The glacier is located in the disputed Kashmir region and is claimed by India and Pakistan. In spite of the severe climate, the word 'Siachen' ironically means 'the place of roses', a reference to the abundance of Himalayan wildflowers found in the valleys below the glacier. The glacier is also the highest battleground on Earth where India and Pakistan have fought intermittently for the past 17 years. Both countries maintain permanent military personnel on the glacier at a height of over 7,000 metres. The site is a prime example of Mountain warfare. The glacier's melting waters are the source of the Indus River, crucial to both India and Pakistan.

The roots of the conflict over Siachen lie in the non-demarcations on the western side on the map beyond a map coordinate known as NJ9842. The 1949 Karachi agreement and the 1972 Simla agreement presumed that it was not feasible for human habitation to survive north of NJ9842. Prior to 1984 neither India nor Pakistan had any permanent presence in the area

In the 1970s and early 1980s Pakistan permitted several mountaineering expeditions to climb high peaks on this glacier. This was to reinforce their claim on the area as these expeditions arrived on the glacier with a permit obtained from the Government of Pakistan. Operation Meghdoot (named after the divine cloud messenger in a Sanskrit play) was launched on 13 April 1984 when the Indian Army and the Indian Air Force went into the Glacier. Pakistan quickly responded with troop deployments.

The Indian Army controls the heights, holding on to the tactical advantage of high ground. The Pakistanis cannot get up to the glacier, while the Indians cannot come down. Presently India holds two-thirds of glacier and commands two of the three passes. Pakistan controls Gyong La pass that overlooks the Shyok and Nubra river Valley and India's access to Leh district.
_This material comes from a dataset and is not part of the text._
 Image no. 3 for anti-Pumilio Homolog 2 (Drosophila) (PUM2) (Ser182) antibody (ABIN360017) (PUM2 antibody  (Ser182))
The battle zone comprised an inverted triangle resting on NJ 9842 with Indira Col and the Karakoram Pass as the other two extremities. Every year more soldiers are killed because of severe weather than enemy firing. Both the sides have lost close to 4,000 personnel primarily due to the extreme weather conditions.

On June 12, 2005, Prime Minister Manmohan Singh became the first Indian premier to visit the glacier calling for a peaceful resolution of the problem. In the previous year, the President of India, Abdul Kalam became the first head of state to visit the area.